The upcoming General Election on the 12th December is a time of anticipation for many, with significant discussion in the media regarding newly updated manifestos and publicised debates between parties. Some of the most serious and topical issues are frequently flagged up; including our National Health Service, our immigration policy, and now, the Environment.
The rate of global warming:
The Intergovernmental Panel on Climate Change (IPCC) in 2018 stated that global temperatures are highly likely to reach 1.5°C above pre-industrial levels between 2030 and 2052 if it continues to increase at the current rate. Furthermore, they stressed the additional concerns they had if global warming reached 2°C, with the risks posed to humans, eco-systems and land being significantly more serious. The IPCC’s research demonstrates the pressing necessity to implement and enforce measures that will help to slow down, and combat, the progression of global warming.
Political pressure:Concerns about climate change are rife amongst the UK public which is placing greater pressure on political parties to implement meaningful change in order to effectively mitigate the effects of global warming and stay below the 1.5°C or 2°C levels. The Labour party’s rumoured manifesto is streaked with green this year; promising that firms failing to act on climate change will be delisted from the London Stock Exchange; a bold undertaking that would create a greener economy and provide an incentive for businesses to comply with climate targets and responsibilities. According to the Carbon Disclosure Project, between 1988 and 2015 just 100 companies were responsible for a total of 71% of global greenhouse gas emissions. This illustrates a key opportunity for the government to prioritise combatting global warming over growing the economy.
Disappointingly, the Labour party have already rescinded their previous plan for the UK to produce net-zero carbon emissions by 2030, despite the Party members backing the target in September. ‘Net-zero’ means that any emissions are balanced by absorbing an equivalent amount from the atmosphere. This failure to commit to a 2030 deadline is underwhelming and has fallen short of promising what the Green party have. In what the Green party have termed their ‘transformative’ manifesto, there is a commitment to achieving net zero carbon emissions by 2030, in addition to a proposed “sustainable economy bill” and “future generations bill” to strengthen their assurances of a greener future. Contrastingly, the Liberal Democrats have promised to meet a 2045 target for net-zero emissions, and the Conservatives have omitted to identify a clear deadline for this at all so far.
Our last chance for change:The outcome of this election will shape how the UK approaches climate change over the next four years, which could either lead to a green revolution, or could put us firmly on track to exceed the 1.5°C/ 2°C targets.

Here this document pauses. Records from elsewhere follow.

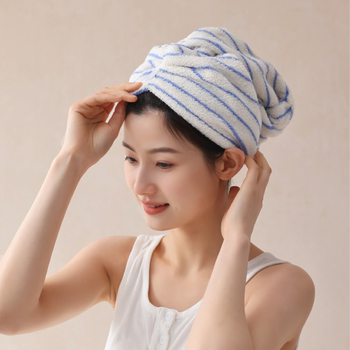 Κεφαλόκαπελάκι για στέγνωμα μαλλιών με ριγέ σχέδιο, απορροφητικό, από βαμβάκι με μακριές ίνες, 50–79 g, 21 νήματα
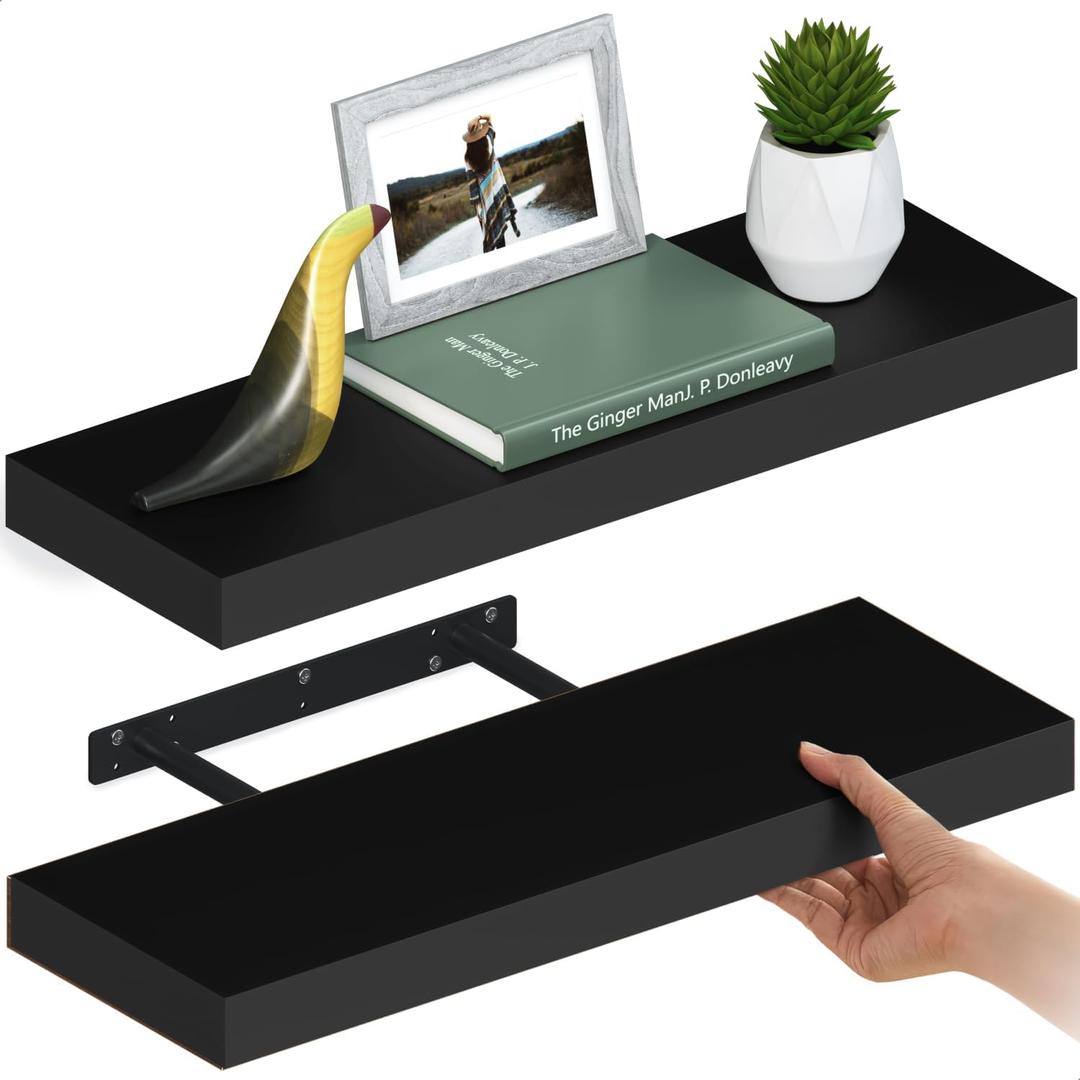Ballucci Floating Shelves for Wall, 24" Wood Wall Shelf Set of 2, with Invisible Brackets for Bathroom, Living Room, Bedroom, Kitchen, Nursery, 8" Deep, Black, 24" - 2 Pieces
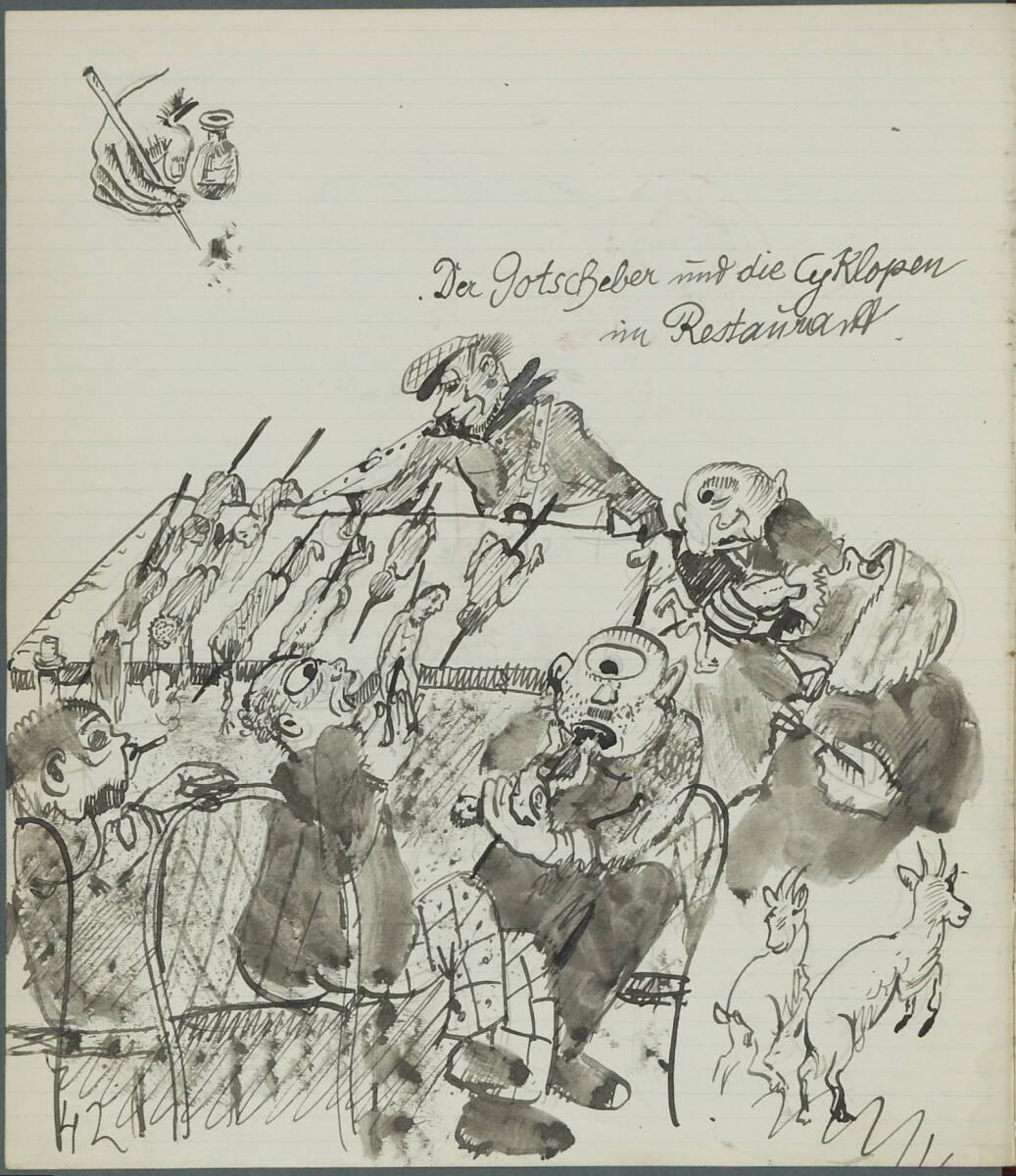 Oskar Laske, "Der Gotscheber und die Zyklopen im Restaurant", Inv. Nr.: 35007/4/42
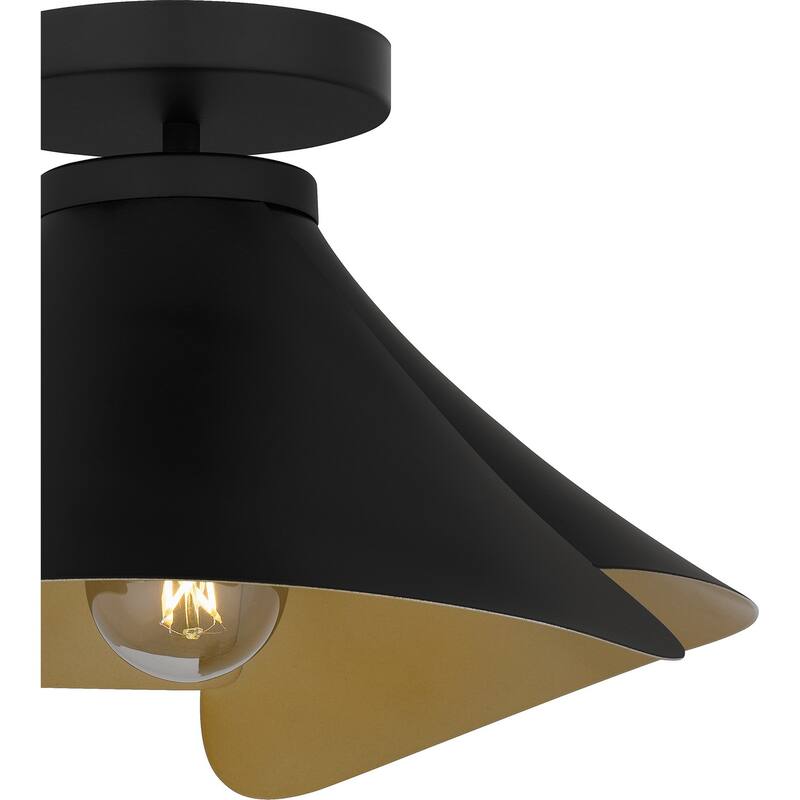 Matte Black One Light Semi Flush Mount from the Quoizel Semi-Flush Mount Collection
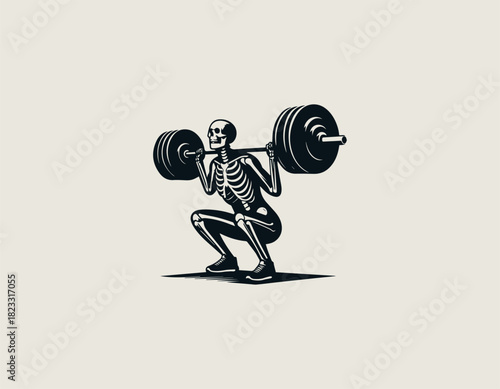 Detailed black and white illustration of a muscular skeleton figure executing a deep barbell squat with heavy weights across its shoulders in correct form.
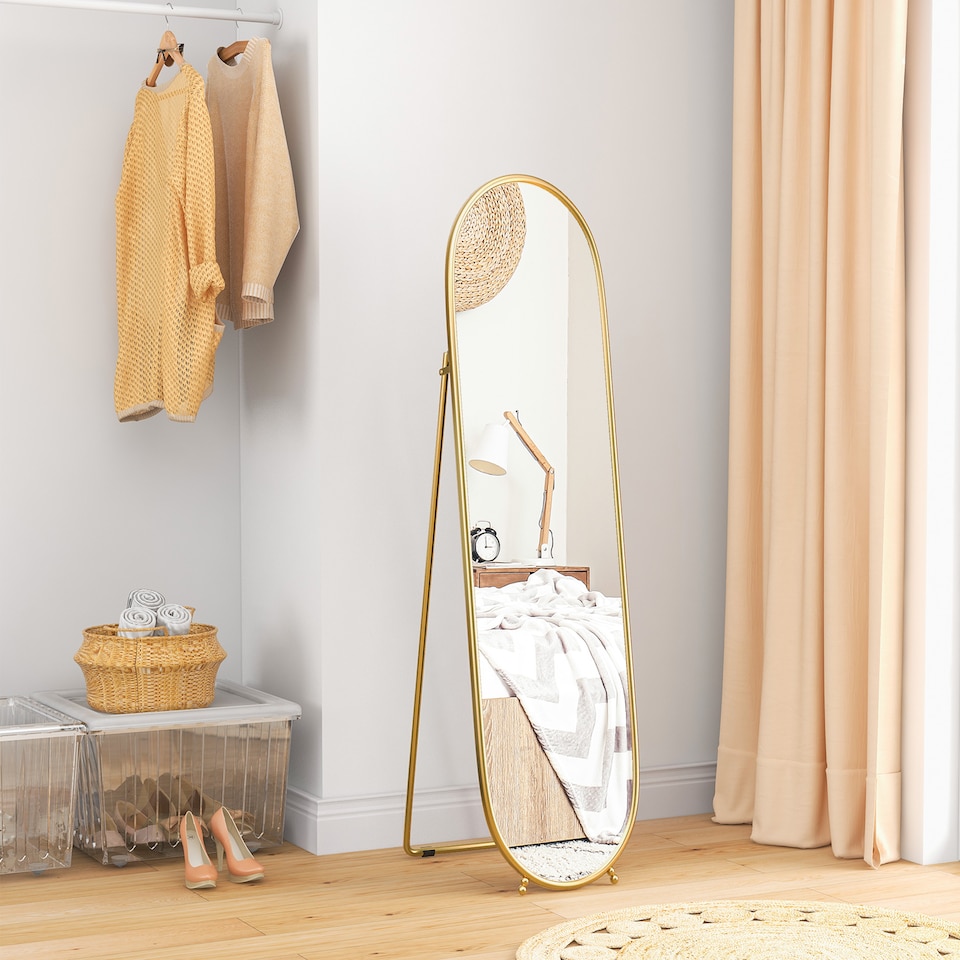 image 1 of HOMCOM 40  160cm Full Length Mirror, Floor Standing or Leaning Against Wall Tall Mirror with Support Frame, Oval Full Body Mirror for Bedroom, Living Room, Gold Tone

The Green party, while passionate about combatting climate change, do not usually garner enough support during elections and therefore are unlikely to be able to deliver their ambitious promises. The Labour party, despite weakening their stance on the net-zero emissions target, seem to offer the best strategy and most commitment towards a greener future for the UK, with the Liberal Democrats and Conservatives failing to provide adequate plans and targets for tackling the climate catastrophe. This election will signal a pivotal moment for the climate movement, as a continued Conservative government is unlikely to prioritise the climate catastrophe. Consequently, your vote will be a vote for the future of our planet, of future generations, of societies in climates far less forgiving than the UK’s; this general election really may be our last chance to stop climate change before more damage is done.